SOURCE MATERIAL:
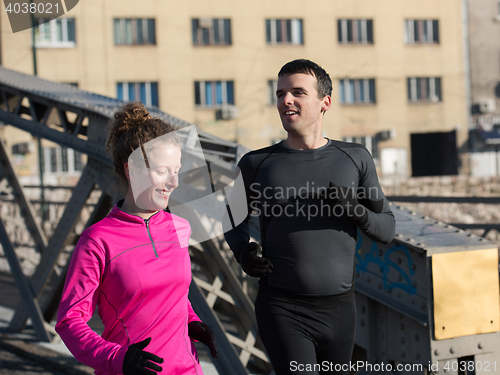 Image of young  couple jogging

==

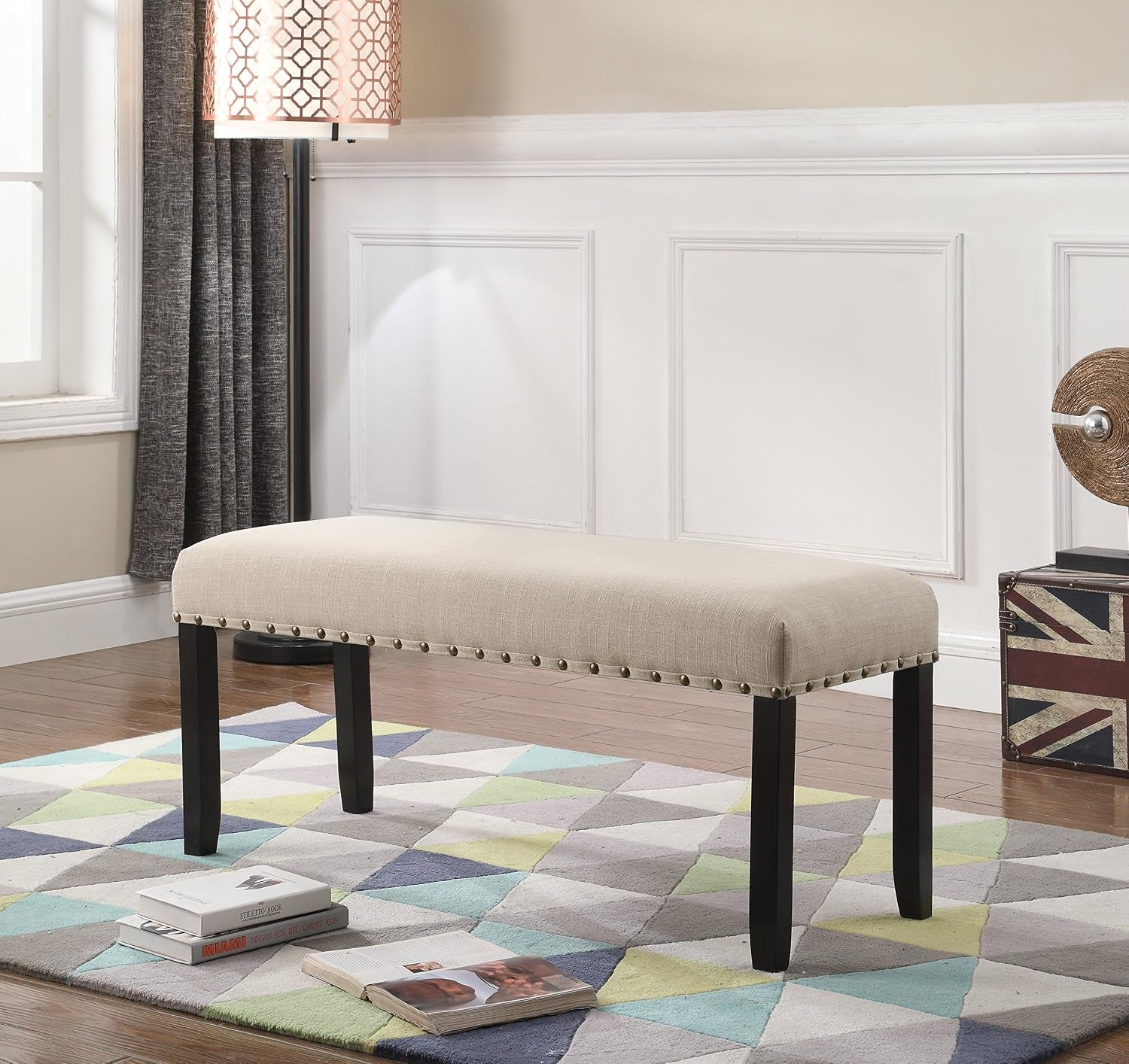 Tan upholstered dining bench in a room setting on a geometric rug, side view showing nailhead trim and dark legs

...

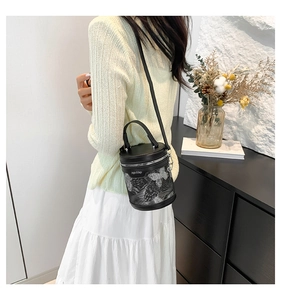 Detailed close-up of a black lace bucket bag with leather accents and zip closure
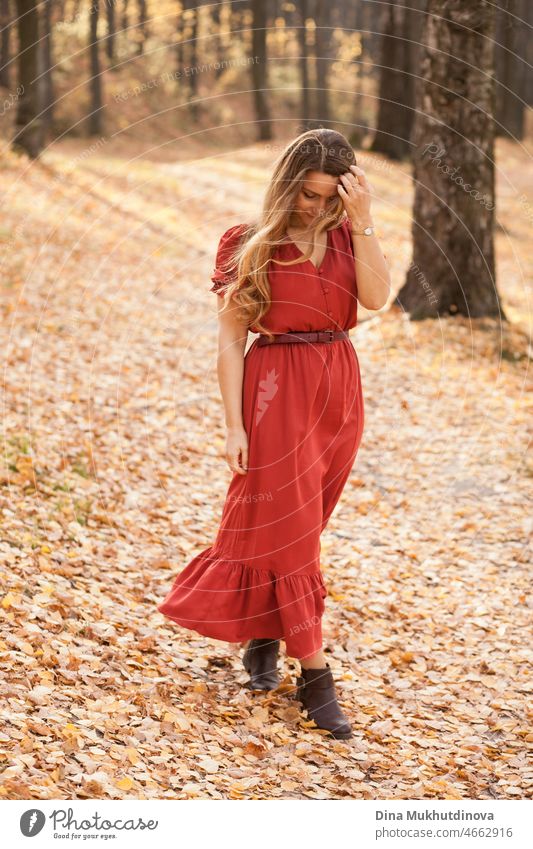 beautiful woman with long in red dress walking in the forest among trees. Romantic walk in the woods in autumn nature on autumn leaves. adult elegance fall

AIM OF THE TASK: Using the records above, print exactly the lines between the ones containing "Detailed close-up of" and "beautiful woman with", inclusive, and nothing else; no pictures.

RESULT FOR THIS EXERCISE:
 Detailed close-up of a black lace bucket bag with leather accents and zip closure
 beautiful woman with long in red dress walking in the forest among trees. Romantic walk in the woods in autumn nature on autumn leaves. adult elegance fall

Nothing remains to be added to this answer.